Cancer development represents a specific set of molecular changes within a dysregulated cell leading to abnormal proliferation where epigenetics plays a role by influencing changes in gene expression [7377]. This is an expanding area where global cellular and/or viral changes including hypomethylation and hypermethylation are being investigated as diagnostic tools for detection of cervical precancerous lesions [47,7881]. Determining methylation levels on HR-HPV genomes has the potential to detect precancerous lesions with higher specificity than HPV testing alone [26]. As HR-HPV infections remain widespread among females worldwide, triage of these same women should be based on risk stratification ideally using the clinical sample in which HR-HPV was detected in a sequential testing strategy [82]. Ongoing efforts will continue to require large prospective clinical studies to validate sensitivity, specificity, positive and negative predictive values for new techniques such as NGS that have been shown to be accurate and are becoming more cost-effective, where computational advances allow for increased sensitivity and depth of sequencing [83]. Further research on how changes in the viral and host methylome are associated with cervical cancer development should provide mechanistic insights facilitating prevention and treatment [74,81].

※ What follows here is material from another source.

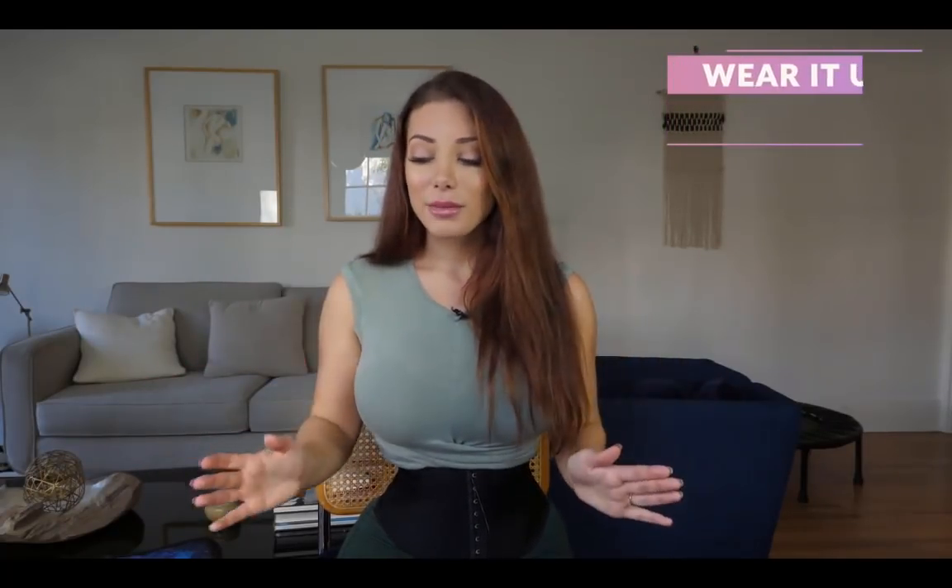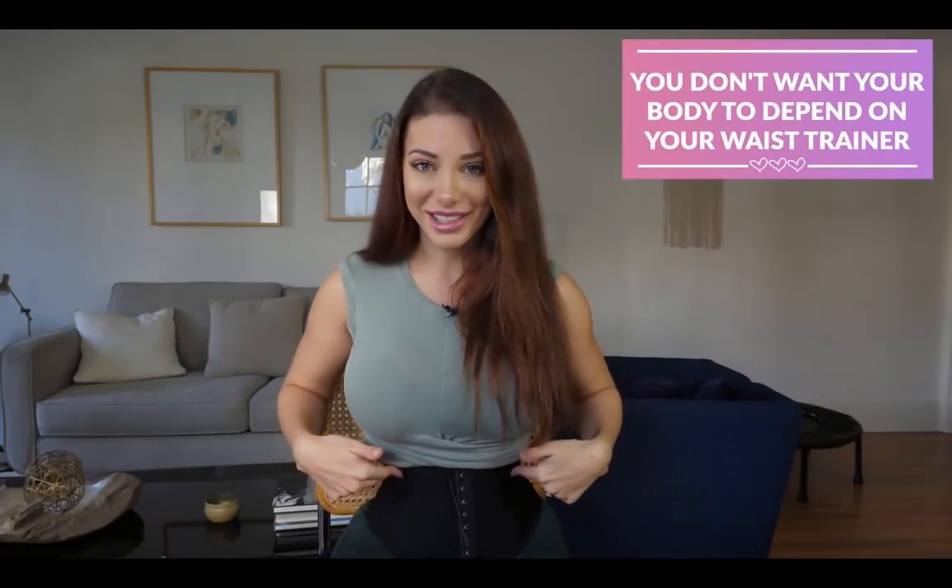The maximum amount of time you want to wear the waist trainer in a day is eight hours. Anything can be taken to an extreme — there are people who wear it 24 hours a day, and that's not healthy. If you wear something around your waist every single day for 24 hours, your body starts to depend on it. Your spine and ribs will weaken because they become dependent on the extra support. You don't have to worry about this as long as you don't go to extremes — up to eight hours a day is fine.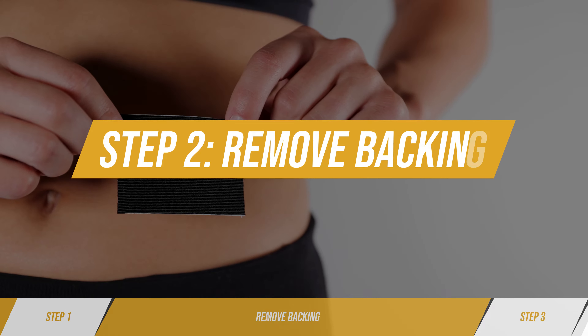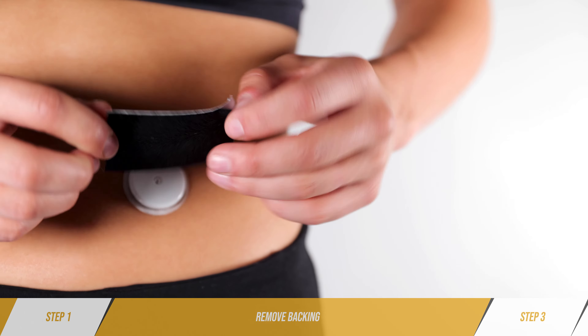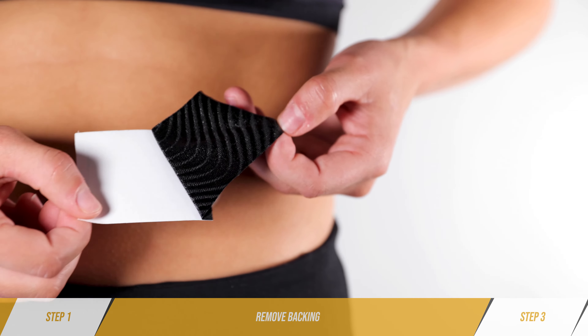Step two: remove backing. Remove the paper backing from the piece of tape.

Methylation of CpG sites within viral and cellular gene promoter regions can lead to alterations in gene expression [84], as well as predicting risk of precancerous lesions. These markers provides value to distinguish women with benign HPV infection from those requiring potentially immediate management by increasing the specificity of molecular assays for high-grade disease detection and increased risk of cervical cancer development [85]. Furthermore, the fact that CpG methylation states appear stable makes them suitable for longitudinal studies [73,86]. Currently, there is wide variability in terms of assays performed, the viral/host genes targeted combined with the need for reproducibility studies amongst different methods and cohorts [47,73,7882]. Thus, there is currently no consensus on which host gene methylation profiles should be evaluated and whether these will develop into molecule tests with sufficient predictive values. This precludes current recommendations or insights on how to use host methylation as a cervical cancer biomarker for early detection of precancerous lesions [85].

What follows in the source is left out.